Though the Post called both candidates “competent, accomplished and astute,” the newspaper praised Northam for “his experience, temperament and, especially, his chances of success in the face of likely Republican control of one or both houses of the state legislature for the foreseeable future.”
His aw-shucks country-doctor affect notwithstanding, Mr. Northam is a shrewd politician whose decade in office — six years as a state senator, and now as lieutenant governor — has made him highly regarded in Richmond, including among Republican lawmakers, who tried to recruit him to switch parties in 2009. If any Democratic governor can nudge GOP majorities in his direction, it’s Mr. Northam. That matters in a state where governors, barred from running for consecutive terms, have one brief shot at getting things done.
Reminding readers of Northam’s coziness with Republicans is, as Perriello’s communications director argued on Twitter, unlikely to persuade fence-sitting Democrats eager to resist President Donald Trump and his GOP allies. (The coziness is longstanding; Northam voted twice for President George W. Bush.) Neither should most Democrats be frightened by what the Post derides as Perriello’s “soak-the-rich tax plan, which would finance two years of debt-free community college and other programs.” They should ask themselves which candidate is better prepared to channel the energy of the anti-Trump resistance into governance.

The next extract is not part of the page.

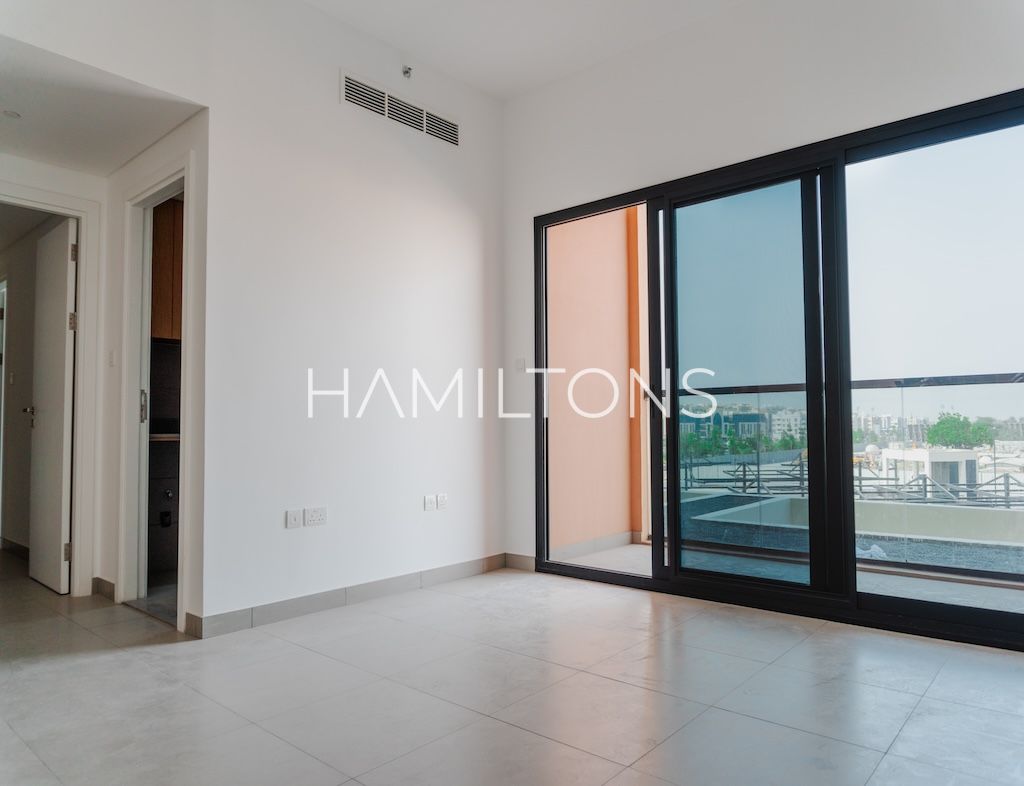 Premium Apartment | Thriving Community | Resale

There’s also a centrist case for a candidate like Perriello. He might be left of Northam on some issues, but Daily Beast special correspondent Michael Tomasky wrote on Tuesday that “Perriello is about as close to a synthesis of the Hillary and Bernie wings as the Democratic Party is going to get.” Perriello plausibly calls himself a “pragmatic populist.” “He’s a diplomat, not a fiery agitator; he’s a Hillary Clinton admirer and a man with a pragmatically centrist voting record,” FiveThirtyEight’s Clare Malone wrote in March. “Even Perriello’s core brand of populism is different from Sanders’s— it’s a more subdued, intellectualized of-the-people-ism.”
Northam and his allies feel confident heading into Tuesday. He’s ahead in fundraising, and in some—but not all—polls. Perriello needs all the help he can get, and the Post’s editorial, in being so unpersuasive, just might provide the bump he’s hoping for.